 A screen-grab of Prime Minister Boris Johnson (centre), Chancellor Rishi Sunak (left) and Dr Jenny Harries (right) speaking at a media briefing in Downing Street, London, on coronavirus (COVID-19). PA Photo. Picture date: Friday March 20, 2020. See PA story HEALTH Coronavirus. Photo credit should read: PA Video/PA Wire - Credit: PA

* * *

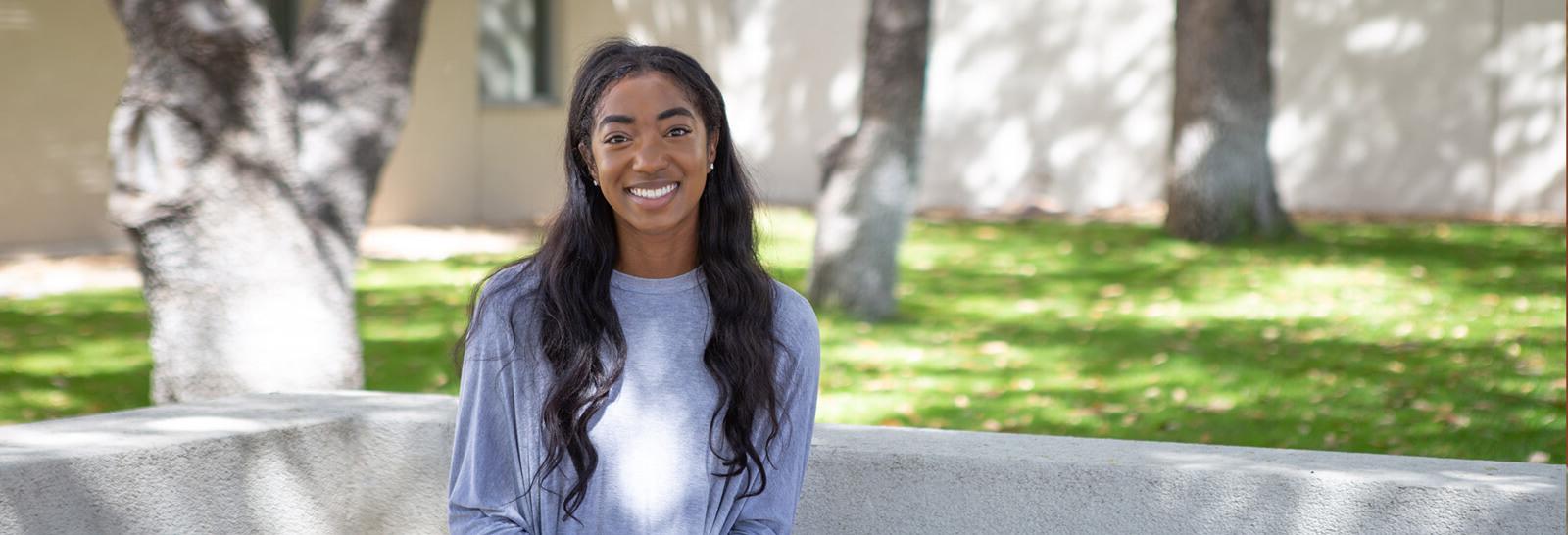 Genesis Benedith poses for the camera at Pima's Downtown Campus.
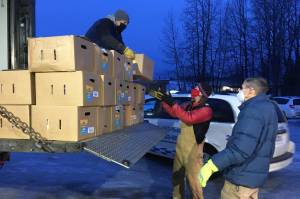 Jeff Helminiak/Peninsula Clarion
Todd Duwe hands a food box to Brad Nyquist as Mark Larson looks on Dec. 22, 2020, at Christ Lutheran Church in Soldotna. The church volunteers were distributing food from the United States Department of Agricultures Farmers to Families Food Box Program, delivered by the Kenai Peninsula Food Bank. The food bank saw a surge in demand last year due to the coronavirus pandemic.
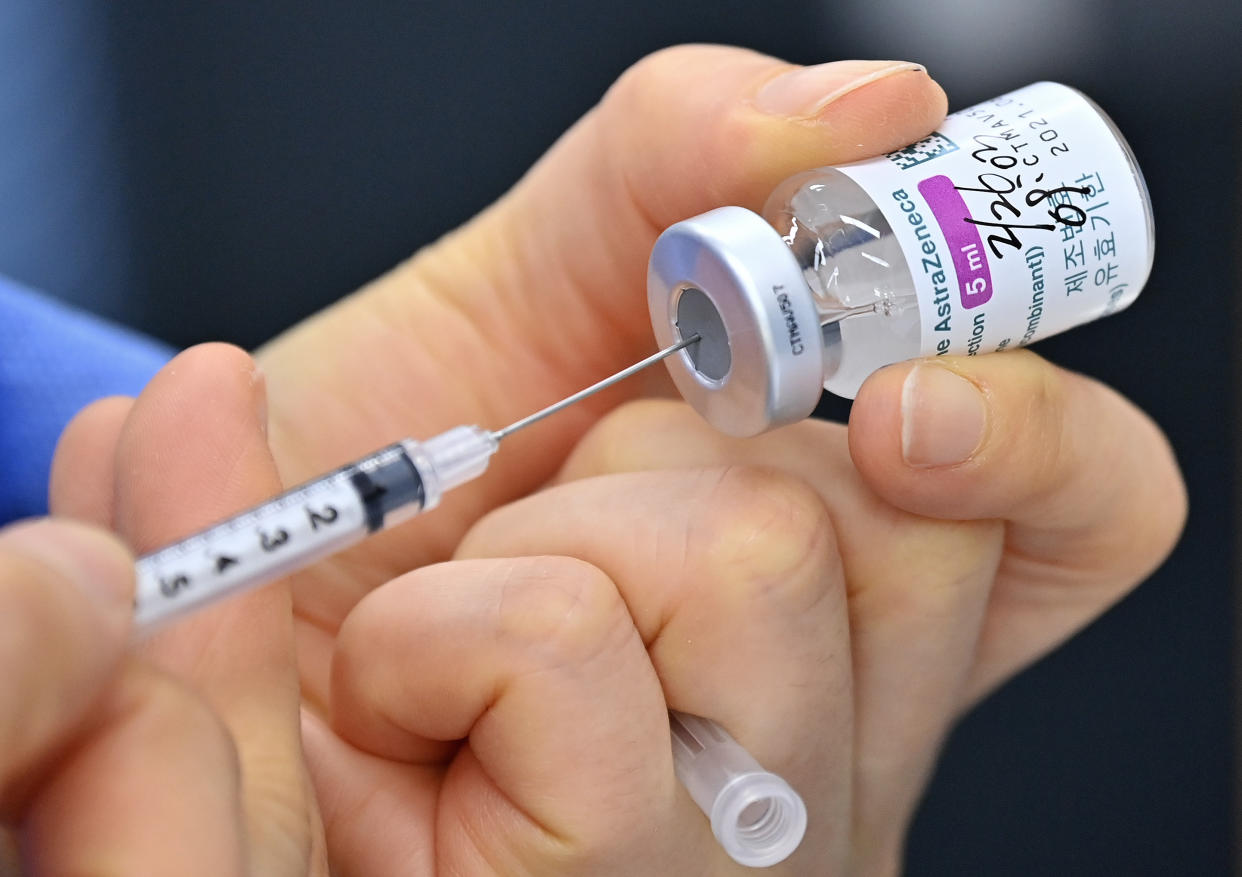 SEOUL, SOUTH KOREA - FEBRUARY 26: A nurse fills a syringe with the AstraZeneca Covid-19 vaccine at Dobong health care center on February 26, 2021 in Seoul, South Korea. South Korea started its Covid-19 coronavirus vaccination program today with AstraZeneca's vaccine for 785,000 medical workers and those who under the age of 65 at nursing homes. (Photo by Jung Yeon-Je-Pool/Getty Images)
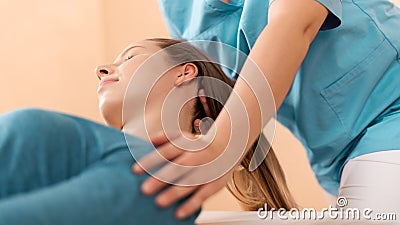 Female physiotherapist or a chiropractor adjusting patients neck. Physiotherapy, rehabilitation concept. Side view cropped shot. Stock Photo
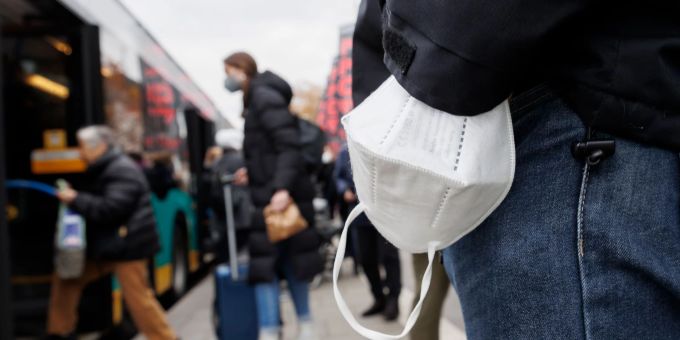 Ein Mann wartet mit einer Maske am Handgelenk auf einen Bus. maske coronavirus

* * *

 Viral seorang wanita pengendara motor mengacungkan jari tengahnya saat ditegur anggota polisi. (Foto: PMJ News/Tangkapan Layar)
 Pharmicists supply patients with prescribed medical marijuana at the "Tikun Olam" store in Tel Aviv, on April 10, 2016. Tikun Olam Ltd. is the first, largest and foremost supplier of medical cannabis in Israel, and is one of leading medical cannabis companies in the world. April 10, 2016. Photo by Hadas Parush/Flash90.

What you are asked to do » Within the material above, find the part that opens with the line containing "Jeff Helminiak/Peninsula Clarion" and closes with the line containing "Ein Mann wartet", and reproduce it exactly without the pictures.

Solution for this problem »
 Jeff Helminiak/Peninsula Clarion
Todd Duwe hands a food box to Brad Nyquist as Mark Larson looks on Dec. 22, 2020, at Christ Lutheran Church in Soldotna. The church volunteers were distributing food from the United States Department of Agricultures Farmers to Families Food Box Program, delivered by the Kenai Peninsula Food Bank. The food bank saw a surge in demand last year due to the coronavirus pandemic.
 SEOUL, SOUTH KOREA - FEBRUARY 26: A nurse fills a syringe with the AstraZeneca Covid-19 vaccine at Dobong health care center on February 26, 2021 in Seoul, South Korea. South Korea started its Covid-19 coronavirus vaccination program today with AstraZeneca's vaccine for 785,000 medical workers and those who under the age of 65 at nursing homes. (Photo by Jung Yeon-Je-Pool/Getty Images)
 Female physiotherapist or a chiropractor adjusting patients neck. Physiotherapy, rehabilitation concept. Side view cropped shot. Stock Photo
 Ein Mann wartet mit einer Maske am Handgelenk auf einen Bus. maske coronavirus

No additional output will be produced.